Nicola McCartney is an award-winning writer and director, who runs the MSc in Playwriting at the University of Edinburgh and is acting as project dramaturge. She was Artistic Director of Glasgow-based new writing theatre company lookout (1992-2002) and has worked as a dramaturge for a range of companies, including the Edinburgh International Festival, the Royal Lyceum and the Tron Theatre. She is one of the Associate Playwrights of the Playwrights’ Studio and has had twenty-six of her stage plays produced. She is currently under commission to the National Theatre of Scotland, the Abbey Theatre, the Traverse Theatre, Tinderbox, and the Royal National Theatre.
Rebecca Raab studied for the MSc in Film, Exhibition and Curation at the University of Edinburgh. She gained her first degree in Media Studies and French at the University of Tübingen, and she has worked as an intern, volunteer or jury member at a range of festivals including the Edinburgh International Film Festival, Glasgow Film Festival, Berlin International Film Festival, and the German Film Festival in Nantes.
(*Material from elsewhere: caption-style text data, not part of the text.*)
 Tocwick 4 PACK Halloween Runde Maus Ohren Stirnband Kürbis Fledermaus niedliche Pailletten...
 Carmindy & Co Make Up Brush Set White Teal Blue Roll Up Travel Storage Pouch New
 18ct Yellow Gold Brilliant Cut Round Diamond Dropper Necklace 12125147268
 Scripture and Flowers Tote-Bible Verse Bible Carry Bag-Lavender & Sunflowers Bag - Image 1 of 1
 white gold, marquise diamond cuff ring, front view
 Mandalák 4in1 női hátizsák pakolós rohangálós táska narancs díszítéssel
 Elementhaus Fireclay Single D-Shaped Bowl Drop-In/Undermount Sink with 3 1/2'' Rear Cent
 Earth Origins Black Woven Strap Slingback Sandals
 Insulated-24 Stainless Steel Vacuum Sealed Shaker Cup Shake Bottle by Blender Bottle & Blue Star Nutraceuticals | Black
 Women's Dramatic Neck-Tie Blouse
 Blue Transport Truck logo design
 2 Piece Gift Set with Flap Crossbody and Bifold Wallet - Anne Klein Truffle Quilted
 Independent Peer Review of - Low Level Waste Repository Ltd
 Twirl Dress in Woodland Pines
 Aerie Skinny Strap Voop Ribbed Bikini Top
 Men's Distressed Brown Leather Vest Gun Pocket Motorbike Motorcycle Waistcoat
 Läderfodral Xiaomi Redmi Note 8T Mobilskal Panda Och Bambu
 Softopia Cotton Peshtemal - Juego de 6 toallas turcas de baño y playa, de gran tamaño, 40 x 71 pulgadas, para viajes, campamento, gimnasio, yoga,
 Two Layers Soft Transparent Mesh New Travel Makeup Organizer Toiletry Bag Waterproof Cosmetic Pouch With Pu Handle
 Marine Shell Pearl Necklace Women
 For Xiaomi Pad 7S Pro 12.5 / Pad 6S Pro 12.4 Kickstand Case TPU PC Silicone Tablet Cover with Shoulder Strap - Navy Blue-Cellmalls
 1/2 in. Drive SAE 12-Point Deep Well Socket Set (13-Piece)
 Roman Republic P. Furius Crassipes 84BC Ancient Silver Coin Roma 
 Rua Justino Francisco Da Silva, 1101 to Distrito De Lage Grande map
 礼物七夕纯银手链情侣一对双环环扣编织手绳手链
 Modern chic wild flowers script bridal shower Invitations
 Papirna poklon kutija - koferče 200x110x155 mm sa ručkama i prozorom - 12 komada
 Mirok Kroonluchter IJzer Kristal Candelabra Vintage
She acted as film production assistant during the team’s visit to Germany.
Lizzie Stewart wrote her PhD thesis at the University of Edinburgh and worked for two years as Teaching Fellow in German at St Andrews. She is now Teaching Associate in German at the University of Cambridge. Her PhD thesis explored theatre and migration in contemporary Germany, particularly productions of plays by the Turkish-German playwrights Emine Sevgi Özdamar and Feridun Zaimoglu/Günter Senkel. She worked on schools liaison and impact monitoring for the project.
Michael Wood has recently submitted his PhD thesis at the University of Edinburgh, where he now holds a British Academy Postdoctoral Fellowship. His thesis investigated the East German playwright Heiner Müller and the politics of a ‘democratic’ theatre, focusing on the three plays Der Lohndrücker, Der Horatier and Wolokolamsker Chaussee. He has published research on Heiner Müller and Rimini Protokoll as well as a handful of translations. Outside of academia, he composed the libretto for an opera based on J.S. Bach’s Coffee Cantata, which premièred in Glasgow in April 2015, under his direction. Michael – otherwise known as Mikey – was the project assistant.
We also worked with a number of translators, who translated archive material and interviews for the project: Isabel Adey, Ruth Martin, Rachael McGill, and Conor O’Loughlin. Laura also translated interviews and archive sources for Peter.